In the first project I experimentally used a systems-orientated approach to explore the tacit knowledge within the practice of an experienced traditional bowl turning practitioner. This involved eliciting craft knowledge from the expert, using a low-fidelity prototype learning resource as a means of representing that knowledge, and observing learners applying the knowledge through using the resource to support their learning.

In the second project I undertook a series of video-recordings with a traditional clog maker, during which I developed a less intrusive elicitation technique based on increasingly focussed observation and interviewing. This overcame the defensiveness encountered with the first practitioner with whom I used an elicitation approach based on his descriptions of his practice.

In the light of the outcomes from the practical work, I reconsidered the current context for craft knowledge and developed a framework to understand craft learning.

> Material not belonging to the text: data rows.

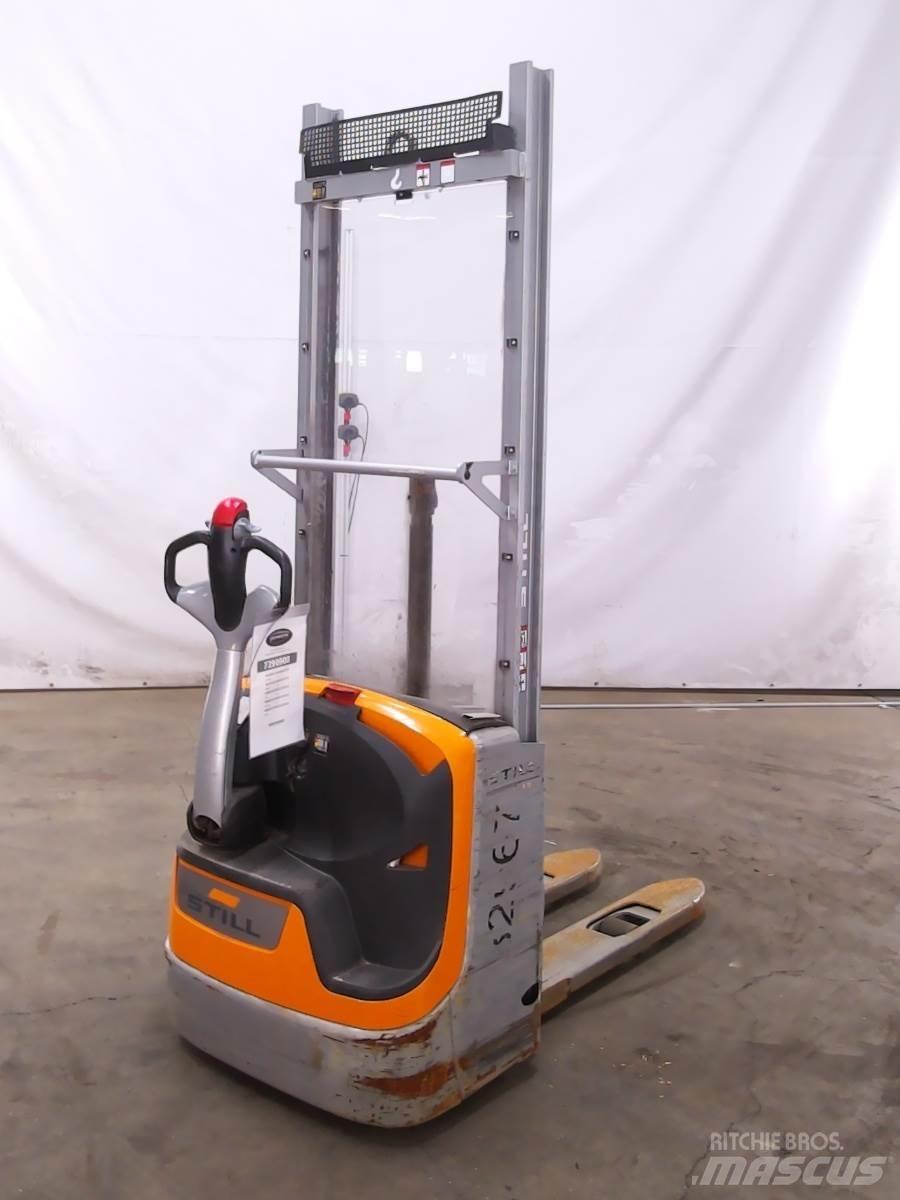 Still EXV10 Pedestrian stacker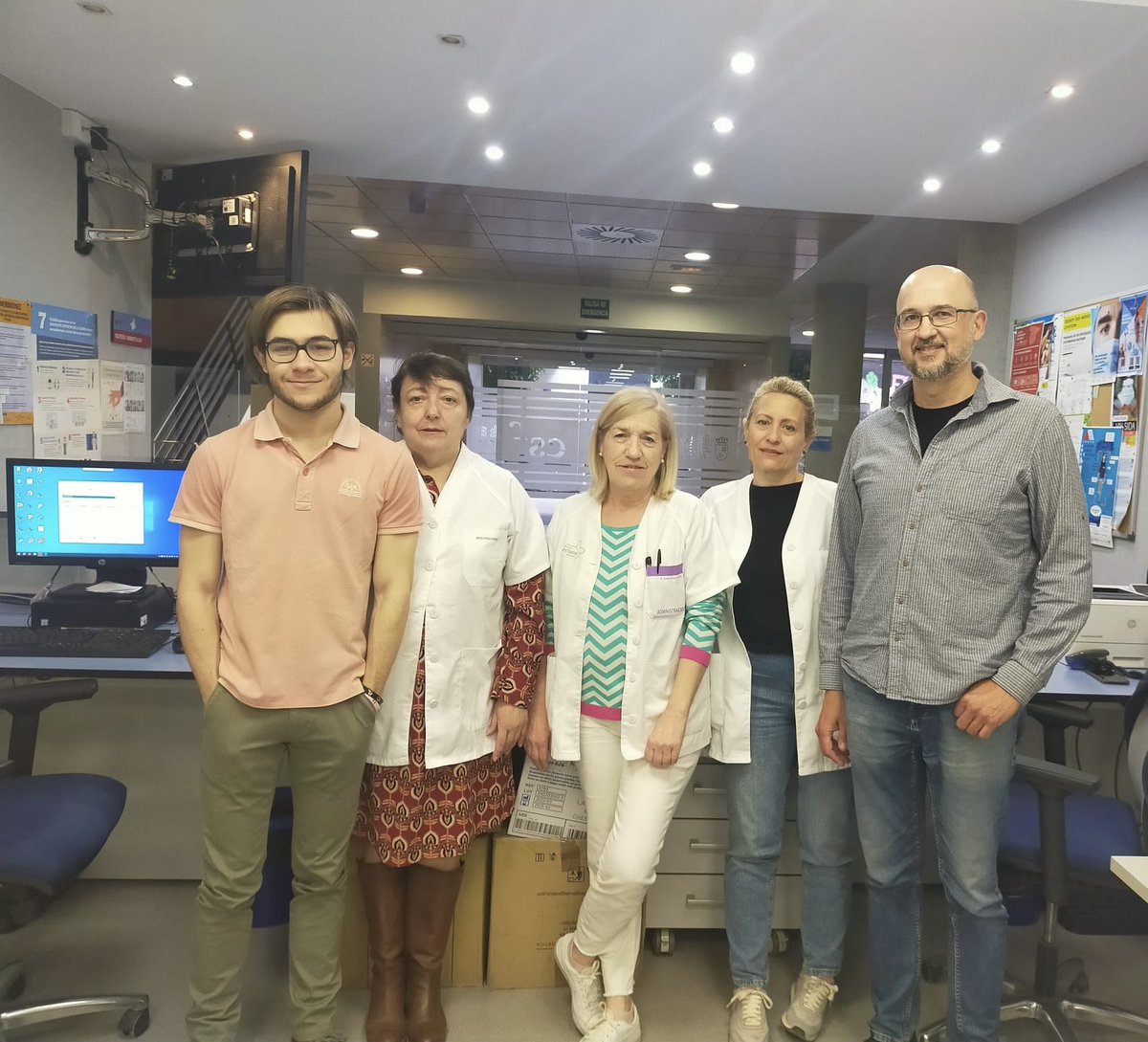 Comenzamos esta andadura con ilusión!!!! Y que mejor que en #SemanadelaSalud . Empezamos nuestra presentación con la puerta de entrada a nuestra 🏥. Administración es 🔝🔝<a href="/Murciasalud/">Murciasalud</a> <a href="/IsabelAyalaVig/">Isabel Ayala</a> <a href="/Area7ReinaSofia/">Area7ReinaSofía</a> <a href="/BaezaAlcaraz/">Ángel Baeza Alcaraz</a> <a href="/Yolanda_yolobe/">Yolanda López-Benavente</a>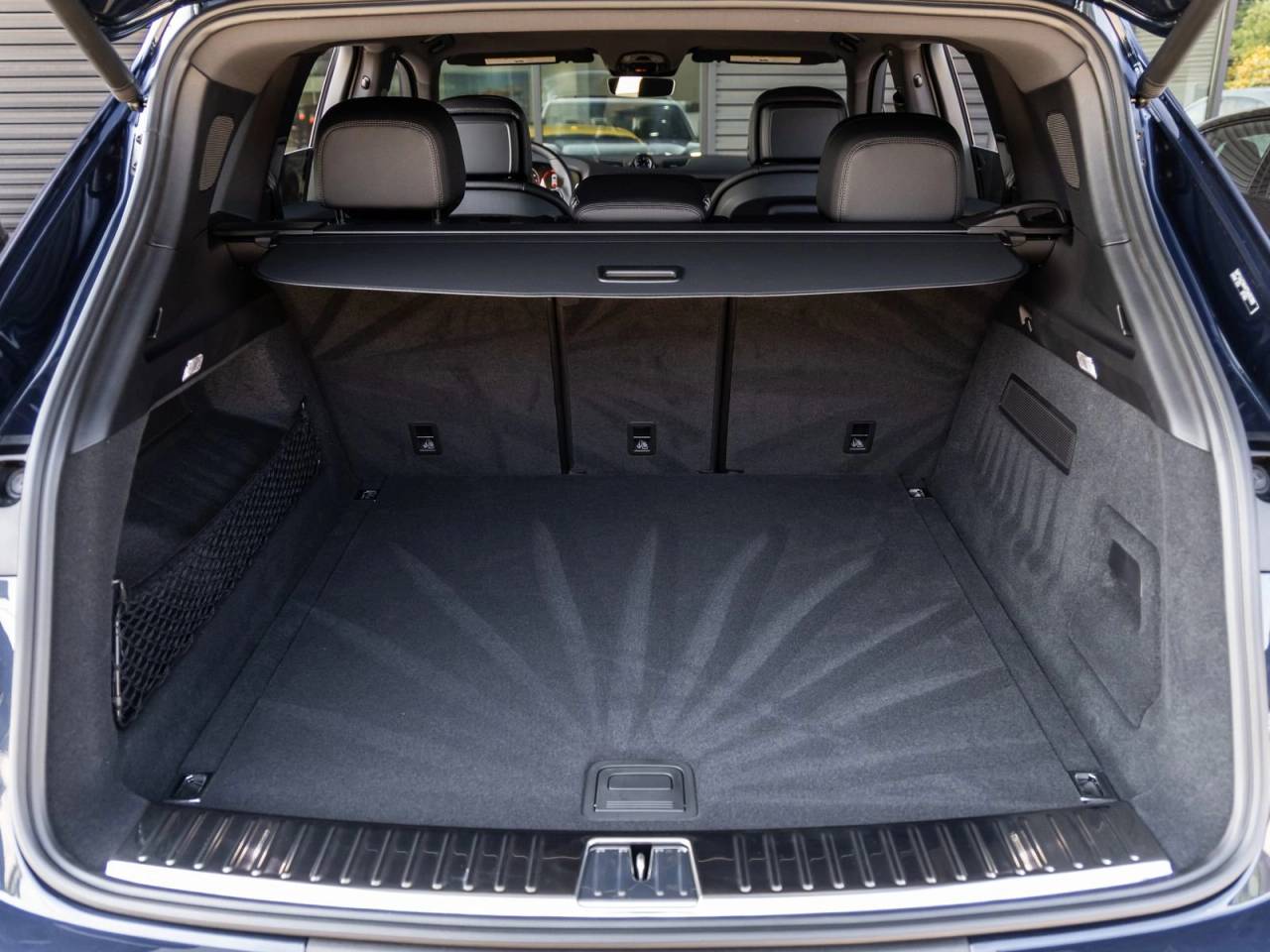 2026 Porsche Cayenne AWD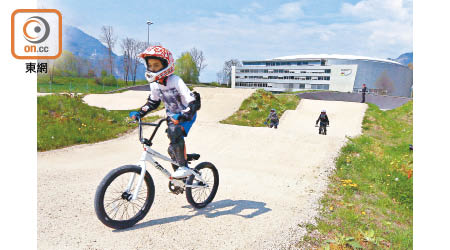 單車中心主建築外有BMX運動公園，可供團體預約體驗。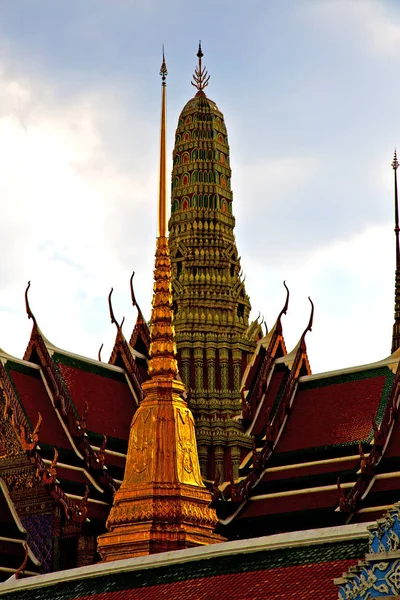 Thajsko bangkok asia kříž barvy střechy wat barvy r — Stock fotografie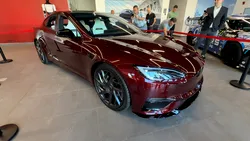 <span class='prepend'>Foto |</span> Tesla Model S Signature a ajuns acum și în România. Primul model importat aparține lui Dominic Marcu, campion național la viteză în coastă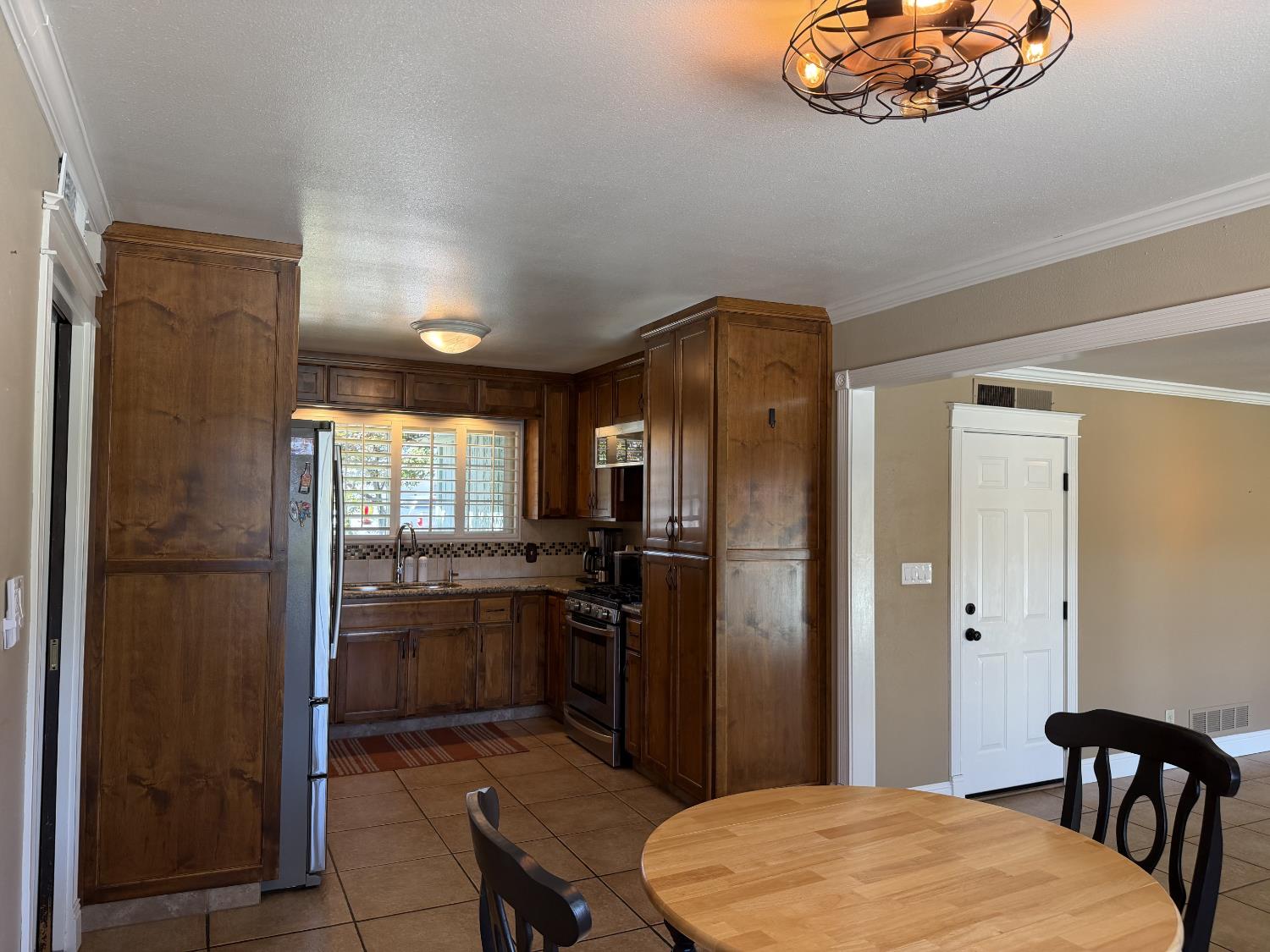 667 E Birch Ave, Fresno, CA 93720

Drawing on three important theorists: Michael Polanyi and his theory of tacit knowledge, John Dewey and his theory of experiential learning, and Donald Schon and his theory of reflection, I reassessed the learning I had previously observed and proposed a new model of how craft knowledge is learned.

I propose that the guidance offered by the expert can be seen as a series of bridges that provide the novice with a means of accessing the personal knowledge of the expert. These bridges are not necessarily the way to undertake a task, but a way that the expert feels to be helpful at that time. As a novice increasingly learns from the feedback from their own actions, they can progress their skill by moving through different modes of reflection.

This research makes three specific contributions to knowledge. In the field of multimedia design it establishes a methodology for transmitting craft knowledge, refining principles previously published through my MA research, and it establishes techniques for eliciting craft knowledge which are interwoven with the process of developing the transmission resource. In the field of learning and pedagogy it establishes a framework for understanding craft skills learning drawing on recognised theory and validated through appraisal of the practical work undertaken.